DESCRIPTION OF SYMBOLS 1 Radiation image acquisition system 2 Management server 3A, 3B Radiography apparatus 4A, 4B, 4C, 4D, 4E, 4F Antenna 5 Controller 6 Cassette 7 Console 41A, 41B, 67 Wireless communication part 42A, 42B Communication part 61 Control part 62 ROM
63 RAM
64 Imaging Panel 65 Power Supply Unit 66 Storage Unit 68 Acceleration Sensor N Network

Claims (8)

A portable radiation image detection cassette comprising: a data acquisition unit that detects radiation transmitted through a subject to acquire radiation image data; and a transmission unit that wirelessly transmits radiation image data acquired by the data acquisition unit;
A receiving unit connected to a plurality of antennas and receiving radiographic image data transmitted wirelessly by the transmitting unit;
A detection unit for detecting that the radiation image detection cassette is set at a detection location;
Have
After the detection unit detects that the radiation image detection cassette is set at a detection location, the reception unit selects an antenna having a good communication state with the transmission unit from the plurality of antennas, and selects the selected antenna. A radiographic image acquisition system, wherein radiographic image data transmitted by the transmission unit by radio is received.   After the detection unit detects that the radiation image detection cassette is set at a detection location, the communication state between the transmission unit and the plurality of antennas is confirmed, and the transmission unit and the plurality of antennas The radiographic image acquisition system according to claim 1, wherein energization to the transmission unit is stopped when a communication state between them is not normal.   The radiological image acquisition system according to claim 1, wherein the detection unit is an acceleration sensor installed in the radiological image detection cassette.   The radiographic image acquisition system according to claim 3, wherein the acceleration sensor is installed at a central portion of the radiographic image detection cassette.

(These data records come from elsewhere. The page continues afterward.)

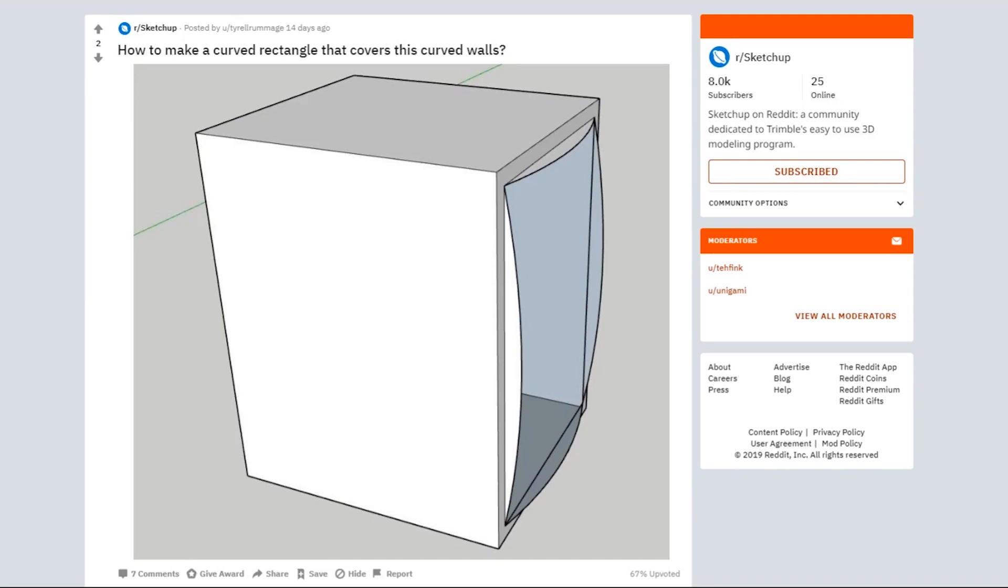Hey, what is up nation? In this session we're going to be answering a question that was asked on Reddit, where someone asked how to make a curved rectangle that covers this curved wall. Basically they have four arcs here and they want to make a shape that essentially connects all those four arcs. We're going to be jumping into that after the intro.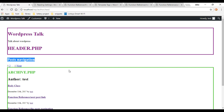That's pretty much it. I just wanted to scratch the surface on pagination, but I recommend you check out the documentation — you can do a lot more than what I'm showing here. In the next video, we're going to add custom menus so we can navigate around our site a little easier. I'll see you then.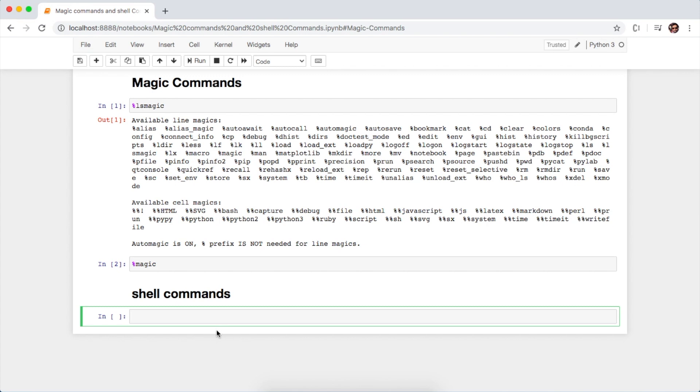The first way to run the shell command on the Jupyter Notebook is using the exclamation mark followed by your shell command pwd.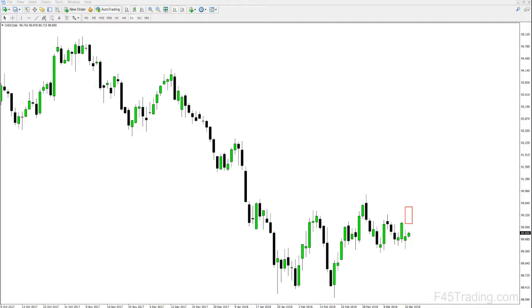Hello everybody, welcome to another weekly look ahead for F45 trading. This week is going to be for March 19th to the 23rd, so I'm just going to open up and discuss the US dollar and where I think it's headed for the upcoming week.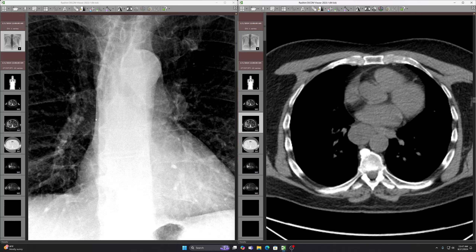Now you might ask why isn't this a spinal mass? Well, the paraspinal lines are lateral to it — this is the right paraspinal line right here, and that's in normal position. And the other thing is, if you follow this line medially as you go down, it's superimposed over the spine. So that's why this can't be a spinal mass.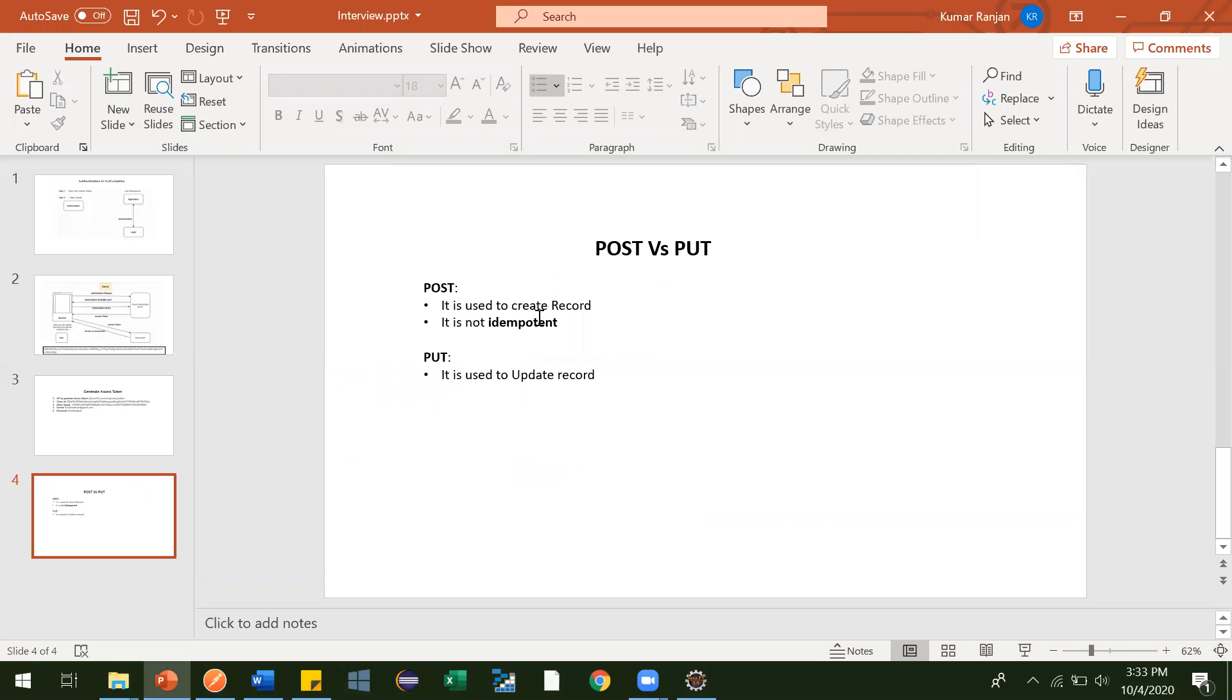So that is what it is non-idempotent. It means if you are using same POST request multiple times with same data, then it is inserting multiple records in the database. That is why it is not idempotent.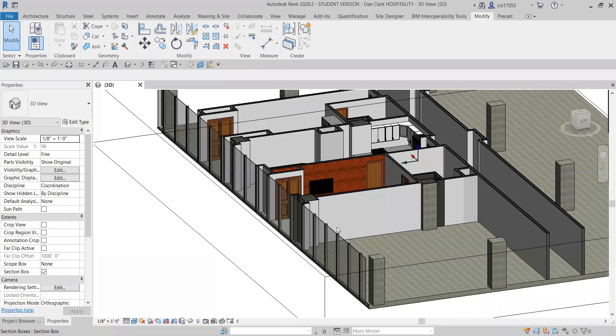Hey everybody, Dan here. Quick video on how to paint a wall. You can paint anything, but we're going to do a wall.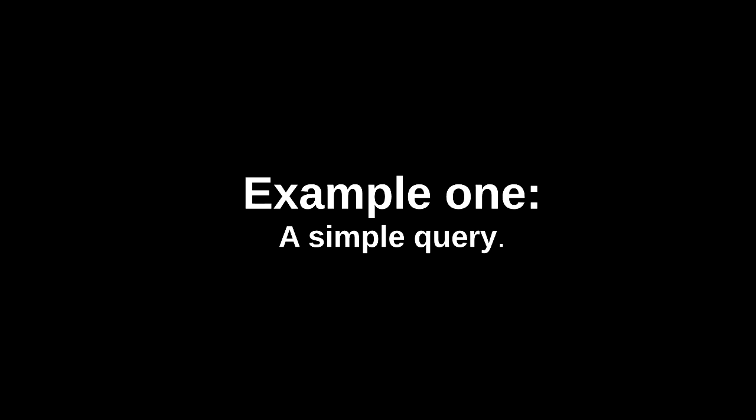Example one. A simple query. In this example, we want to create a segment that will contain only engaged contacts.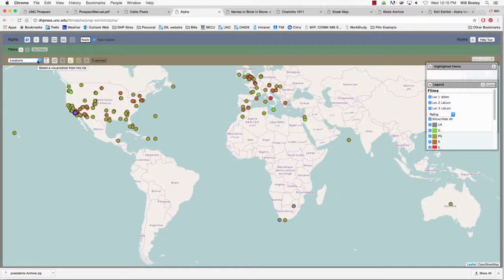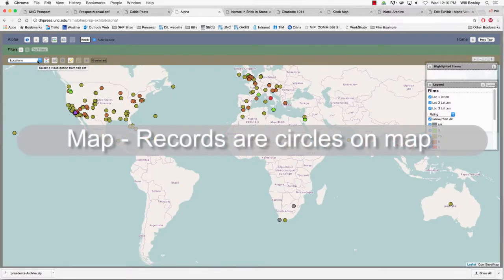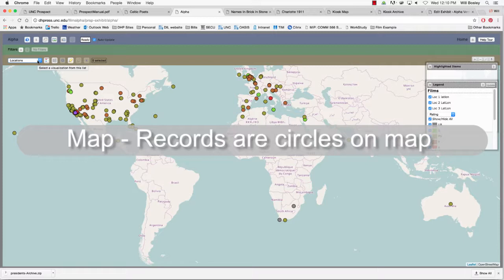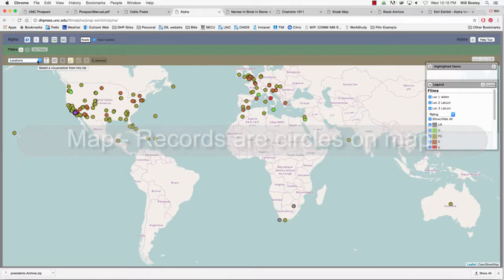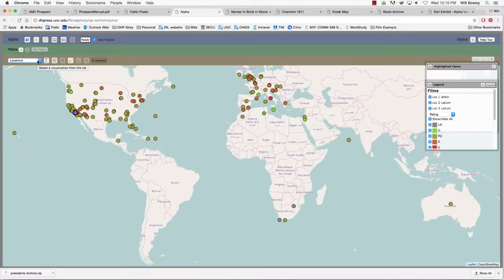In the map visualizations, each record is represented by default as a circle located according to one or more latitude-longitude coordinate pairs. These circles are colored by a legend and can be sized according to a numeric attribute.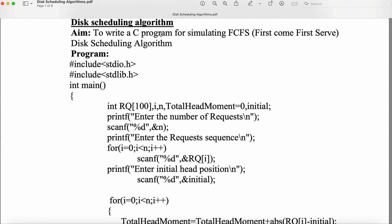Now let us discuss a C program to simulate the FCFS Disk Scheduling Algorithm. FCFS stands for First Come, First Serve. This is a Disk Scheduling Algorithm, not a Process Scheduling Algorithm. FCFS is the simplest Disk Scheduling Algorithm among all the Disk Scheduling Algorithms.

A data acquisition unit that detects radiation transmitted through the subject and acquires radiation image data;
A transmission unit that wirelessly transmits radiation image data acquired by the data acquisition unit to a reception unit connected to a plurality of antennas;
A detection unit for detecting that the radiation image detection cassette is set at a detection location;
A radiation image detection cassette characterized by comprising:   After the detection unit detects that the radiation image detection cassette is set at a detection location, the communication state between the transmission unit and the plurality of antennas is confirmed, and the transmission unit and the plurality of antennas The radiographic image detection cassette according to claim 5, wherein energization to the transmission unit is stopped when a communication state between the transmission units is not normal.   The radiographic image detection cassette according to claim 5, wherein the detection unit is an acceleration sensor installed in the radiographic image detection cassette.   The radiographic image detection cassette according to claim 7, wherein the acceleration sensor is installed in a central portion of the radiographic image detection cassette.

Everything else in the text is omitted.